Top of DATA FOR THE TASK
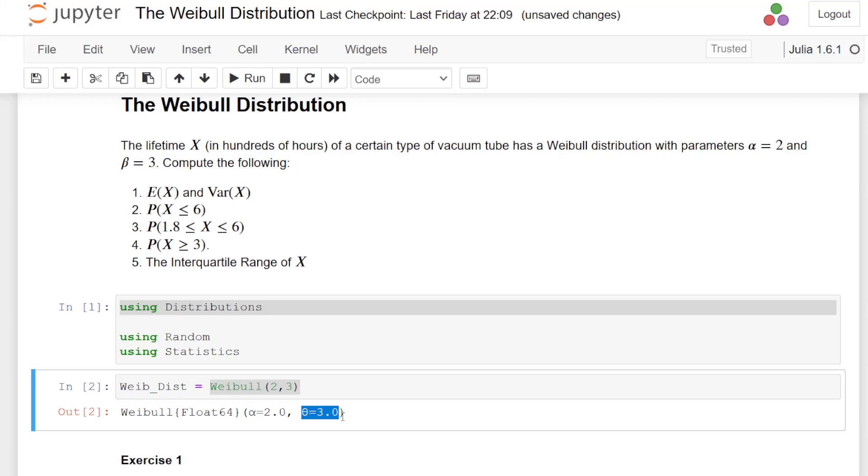Notation for probability distributions, the parameters of probability distributions is notoriously not consistent. And there's good reasons for that, but anyway, we won't go into that. So we have it set up there. Weibull distribution with alpha equals 2 and theta, the scale parameter theta equals 3.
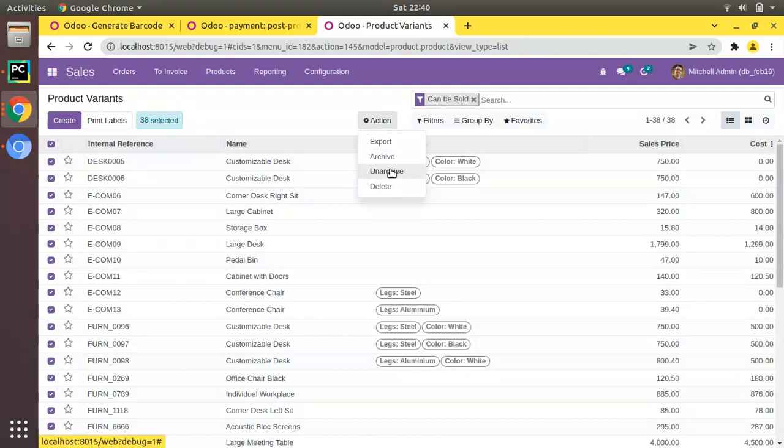This is how you can generate auto barcodes for products in Odoo using automated actions and sequences. If you have any doubts, feedback, or suggestions, don't hesitate to comment under the video or reach us at odumates@gmail.com. That's it for the day — have a nice day, thank you.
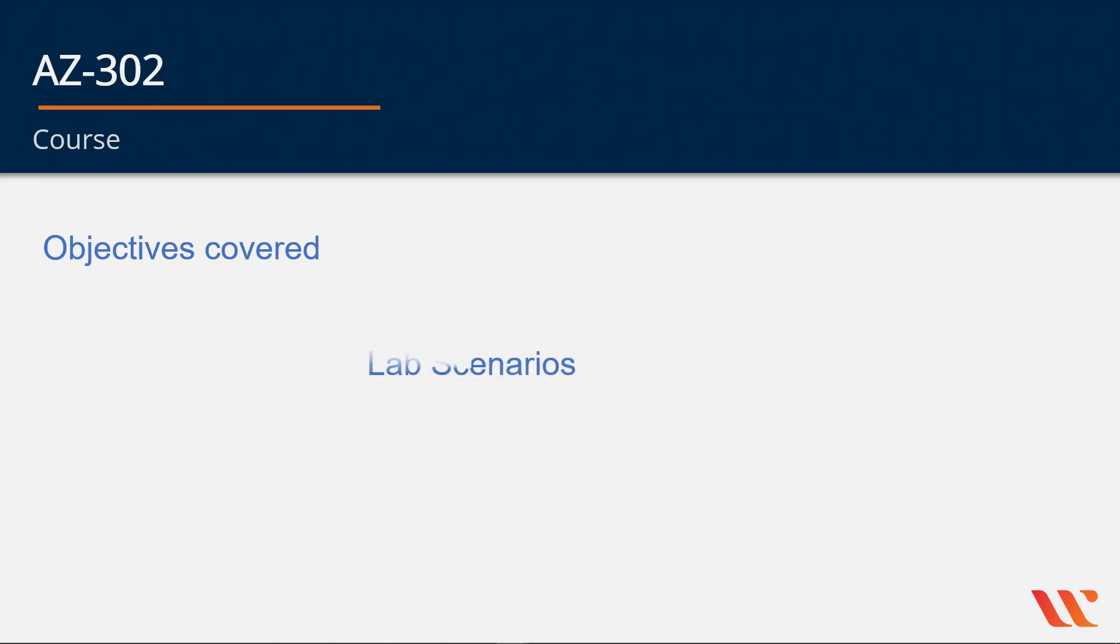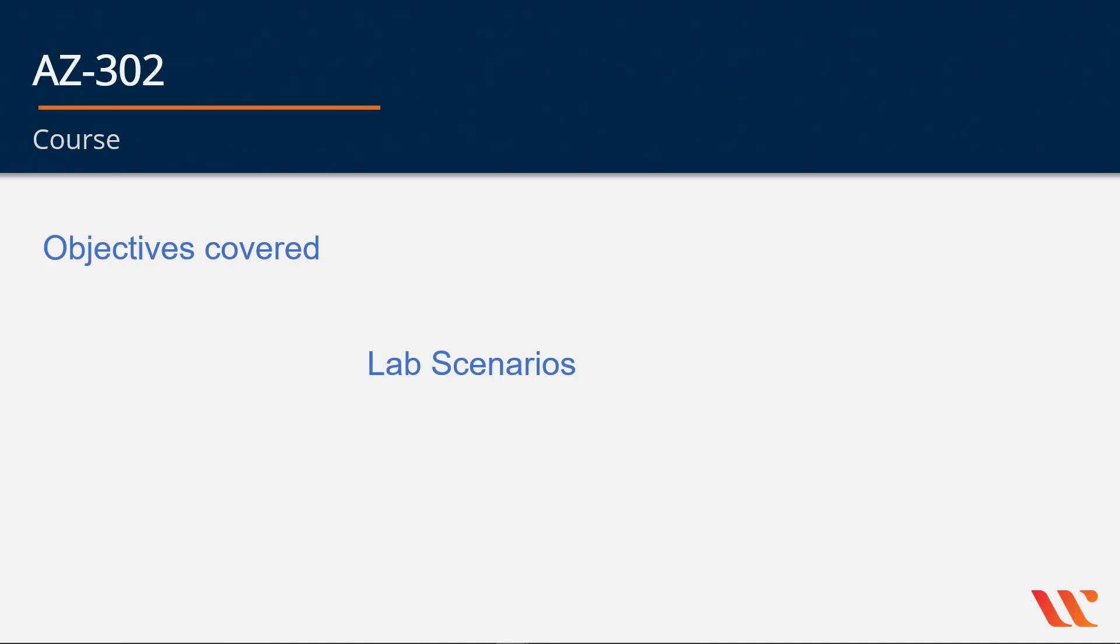You also have lab-based scenarios. In the exam, don't be surprised, you will get lab-based scenarios where you have to do a hands-on lab in the exam itself. In this course, you have these lab-based scenarios to help you in the actual exam.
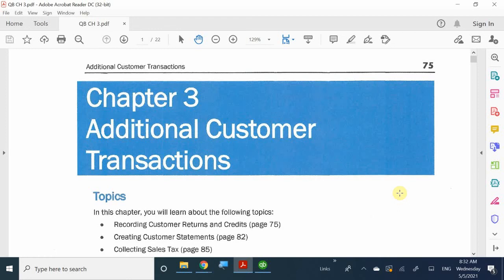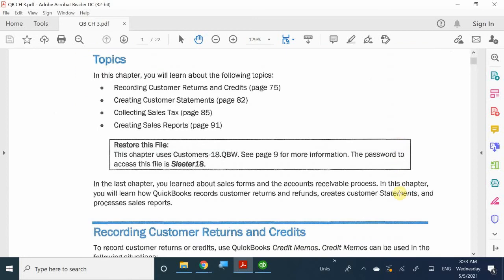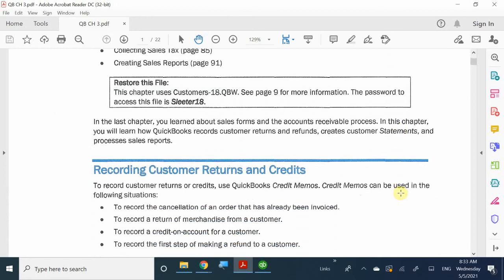Welcome back. Today we're looking at additional customer transactions. The main chunk of this chapter revolves around what happens when a customer wants a refund or doesn't want the product anymore. That's one of the assumptions we have to deal with — especially when we sell a product or service and customers no longer like it or want a refund.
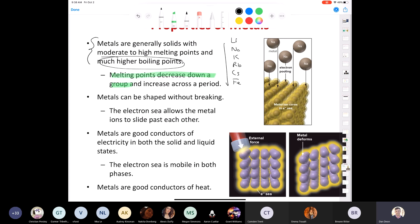Going across a period is a bit tougher to generalize since not all elements are metals. But generally speaking, going from sodium to magnesium, the melting point of magnesium is higher because it has two valence electrons versus one, it's smaller, it has an increased effective nuclear charge, and therefore since the atomic radius is smaller the electrostatic interaction — and thus the Coulombic forces — are going to be stronger.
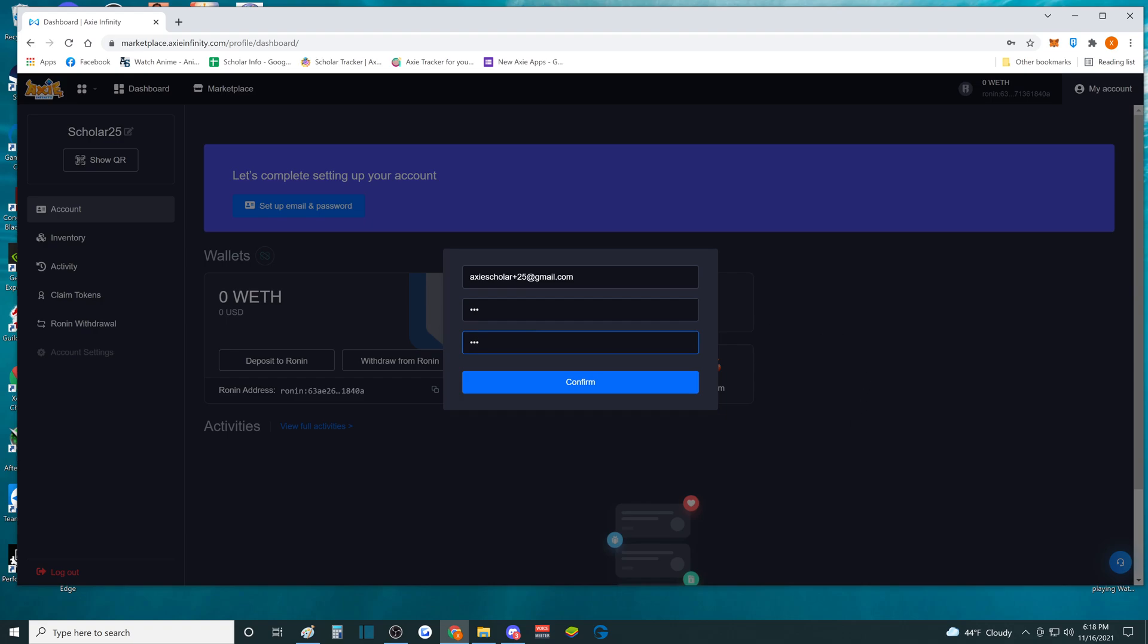So once you confirm this, even though it's plus 25, this is an unregistered email. I didn't go to any platform. I didn't go to Google to register Axie Scholar plus 25.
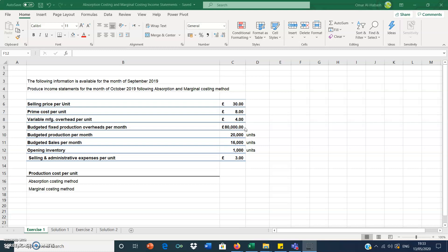Budgeted sales per month is 16,000 units. We have opening inventory of 1,000 units — that's what we have in stock from the previous month. We need to calculate production cost using both the absorption costing method and the marginal costing method.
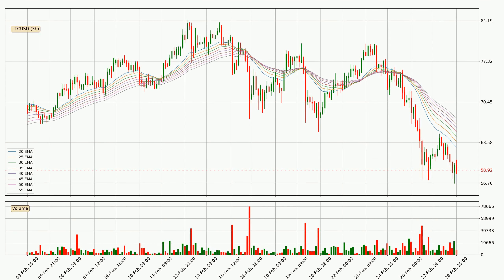Looking at the three-hourly exponential moving averages, the price at the moment is situated below the three-hourly ribbon, which is usually bearish and the ribbon can act as a resistance, so you should keep an eye on if the price will break it or bounce off it. The current price to watch is around 67.7. The ribbon is spread out so the resistance should be strong.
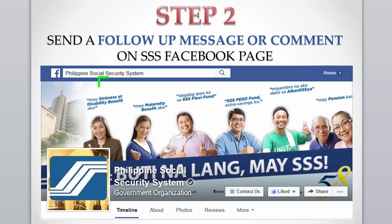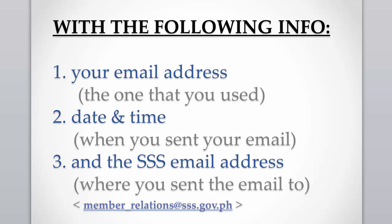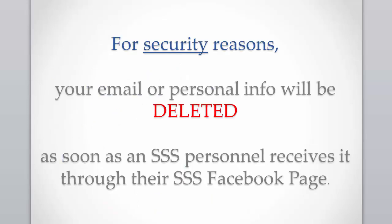Step 2. Send a follow-up message or comment on the SSS Facebook page — that's the Philippine Social Security System official Facebook page. You have to include the following information: your email address, the one that you used when you sent the email; the date and time when you sent your email; and the SSS email address where you sent the email, which is member-relations@sss.gov.ph. For security reasons, your email or personal information will be deleted as soon as an SSS personnel or staff receives it through their SSS Facebook page.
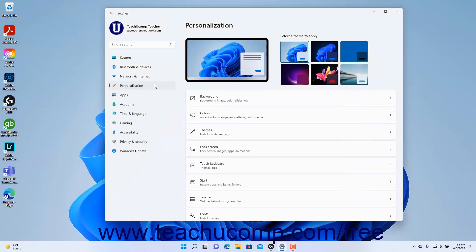To view the touch keyboard settings in Windows 11, open the Settings app window and then click the Personalization button at the left side of the screen to show the personalization settings for your computer to the right.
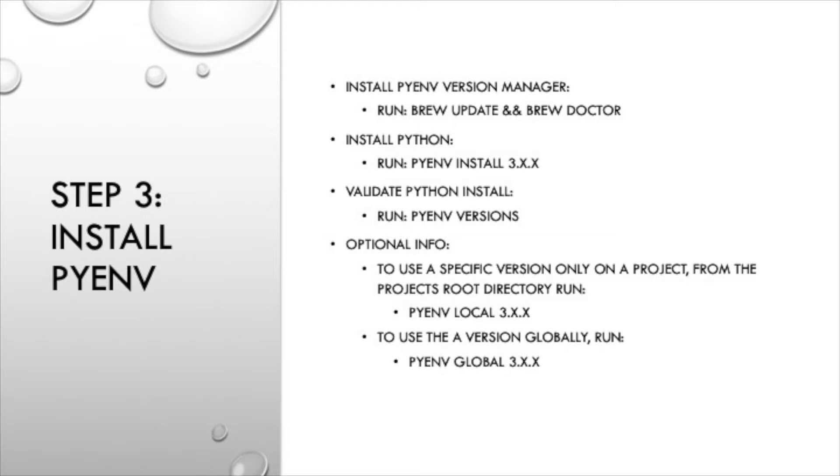Once that's installed you'll need to validate the Python install by running pyenv versions and it will list the versions of Python that you have installed for PyEnv version manager.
Bottom of DATA FOR THE TASK
» THE TASK
Line for line, restate the data above and omit every picture.

» THE COMPLETED TASK
Notation for probability distributions, the parameters of probability distributions is notoriously not consistent. And there's good reasons for that, but anyway, we won't go into that. So we have it set up there. Weibull distribution with alpha equals 2 and theta, the scale parameter theta equals 3.
This is how you can generate auto barcodes for products in Odoo using automated actions and sequences. If you have any doubts, feedback, or suggestions, don't hesitate to comment under the video or reach us at odumates@gmail.com. That's it for the day — have a nice day, thank you.
You also have lab-based scenarios. In the exam, don't be surprised, you will get lab-based scenarios where you have to do a hands-on lab in the exam itself. In this course, you have these lab-based scenarios to help you in the actual exam.
Welcome back. Today we're looking at additional customer transactions. The main chunk of this chapter revolves around what happens when a customer wants a refund or doesn't want the product anymore. That's one of the assumptions we have to deal with — especially when we sell a product or service and customers no longer like it or want a refund.
Going across a period is a bit tougher to generalize since not all elements are metals. But generally speaking, going from sodium to magnesium, the melting point of magnesium is higher because it has two valence electrons versus one, it's smaller, it has an increased effective nuclear charge, and therefore since the atomic radius is smaller the electrostatic interaction — and thus the Coulombic forces — are going to be stronger.
So once you confirm this, even though it's plus 25, this is an unregistered email. I didn't go to any platform. I didn't go to Google to register Axie Scholar plus 25.
Budgeted sales per month is 16,000 units. We have opening inventory of 1,000 units — that's what we have in stock from the previous month. We need to calculate production cost using both the absorption costing method and the marginal costing method.
Looking at the three-hourly exponential moving averages, the price at the moment is situated below the three-hourly ribbon, which is usually bearish and the ribbon can act as a resistance, so you should keep an eye on if the price will break it or bounce off it. The current price to watch is around 67.7. The ribbon is spread out so the resistance should be strong.
Step 2. Send a follow-up message or comment on the SSS Facebook page — that's the Philippine Social Security System official Facebook page. You have to include the following information: your email address, the one that you used when you sent the email; the date and time when you sent your email; and the SSS email address where you sent the email, which is member-relations@sss.gov.ph. For security reasons, your email or personal information will be deleted as soon as an SSS personnel or staff receives it through their SSS Facebook page.
To view the touch keyboard settings in Windows 11, open the Settings app window and then click the Personalization button at the left side of the screen to show the personalization settings for your computer to the right.
Once that's installed you'll need to validate the Python install by running pyenv versions and it will list the versions of Python that you have installed for PyEnv version manager.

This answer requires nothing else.